Lors d’une expo précédente, un critique, Nicolas Villodre, écrivait déjà : « En recyclant les rideaux et les draps achetés non loin de la rue Weiss, dans un des refuges de SDF du XIIIe arrondissement, en les imprimant avec une technique proche de celle des pochoiristes, en les momifiant, les pétrifiant et les fétichisant comme s’il s’agissait d’une série de voiles de Turin, Thomas Fougeirol fait du neuf avec du vieux. L’art du recyclage, de la récupération, on commence à connaître. C’était déjà celui de Schwitters. Comme lui, Thomas Fougeirol fait aussi dans le Kommerz équitable ».

Les vanités : ses céramiques avec crâne. Mangerait-on dans cette vaisselle ? La laisserait-on en place dans son vaisselier ou son salon ? Une œuvre directe !

Son confessional est un fantôme…

Le lit : ces grands lits dans une pièce vide sont des formes meublées de ce tombeau vide.
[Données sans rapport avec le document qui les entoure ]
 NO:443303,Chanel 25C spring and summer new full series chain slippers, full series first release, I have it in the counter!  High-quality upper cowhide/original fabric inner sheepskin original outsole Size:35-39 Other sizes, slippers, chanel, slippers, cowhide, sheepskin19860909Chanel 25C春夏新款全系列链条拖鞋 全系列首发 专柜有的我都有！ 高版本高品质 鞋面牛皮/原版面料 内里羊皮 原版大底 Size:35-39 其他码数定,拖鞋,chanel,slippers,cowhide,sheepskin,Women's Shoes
Il s’agit d’absence des corps, de ceux qui se reposent ou s’aiment. Le vide pour évoquer l’homme. Avec« Between nowhere and Goodbye », l’absence, bien plus légère, par la figure d’un ciel étoilé, pour dire peut-être un autre type d’absence.
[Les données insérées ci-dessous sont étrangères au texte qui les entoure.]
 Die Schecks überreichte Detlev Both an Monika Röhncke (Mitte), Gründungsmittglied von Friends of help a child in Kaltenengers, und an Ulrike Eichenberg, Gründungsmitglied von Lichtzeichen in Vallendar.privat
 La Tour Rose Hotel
L’eau, la vague : magnifique peinture d’eau qui traduit peut-être la force qui traverse l’artiste quand il peint (lire dossier .pdf joint). Mais depuis, la couleur a laissé place au noir et blanc. Une autre forme d’absence peut-être ?


* Sans discuter le titre et la traduction donnée « Between nowhere and Goodbye », littéralement « entre nulle part et Au revoir », on pourrait participer aux jeux de mots initiés par la Galerie Saint-Séverin : « Between now (and) here and Good be with You », ce qui se traduirait alors « entre maintenant et ici que Dieu soit avec vous », une sorte de sens caché. Le travail d’un critique est donc loin d’être neutre !
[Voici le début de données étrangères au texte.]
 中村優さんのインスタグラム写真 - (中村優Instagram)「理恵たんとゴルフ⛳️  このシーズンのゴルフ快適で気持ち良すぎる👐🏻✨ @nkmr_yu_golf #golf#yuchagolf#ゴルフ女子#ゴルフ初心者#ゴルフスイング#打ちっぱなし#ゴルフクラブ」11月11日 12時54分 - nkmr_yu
Texte mis sur le carton de présentation de l’œuvre

« Le dimanche arriva. Alors, comme elles approchaient du lieu de la sépulture, comme déjà elles se demandaient comment elles allaient faire pour déplacer la pierre et accéder au corps, elles furent un peu surprises de trouver cette même pierre éloignée de l’entrée du tombeau. Quand même, elles avancèrent, dans les mains ce qu’il fallait pour parfumer le corps, confiantes et presque heureuses de revoir une dernière fois le visage de Jésus. Mais elles avancèrent encore, portant déjà sur elles comme un pressentiment, et les mains sur les joues, les yeux de plus en plus inquiets, elles regardèrent longuement à l’intérieur. C’était une évidence. Le tombeau était vide. » 
Tanguy Viel, Cet homme-là…, Editions Desclée de Brouwer, 2009

Thomas Fougeirol est né en 1965. Il vit et travaille à Paris et New York. 


Il est représenté par la galerie Praz-Delavallade (Paris) 5, rue des Haudriettes, 75003 qui lui consacre actuellement une exposition personnelle, Black Sun du 2 avril au 7 mai 2011.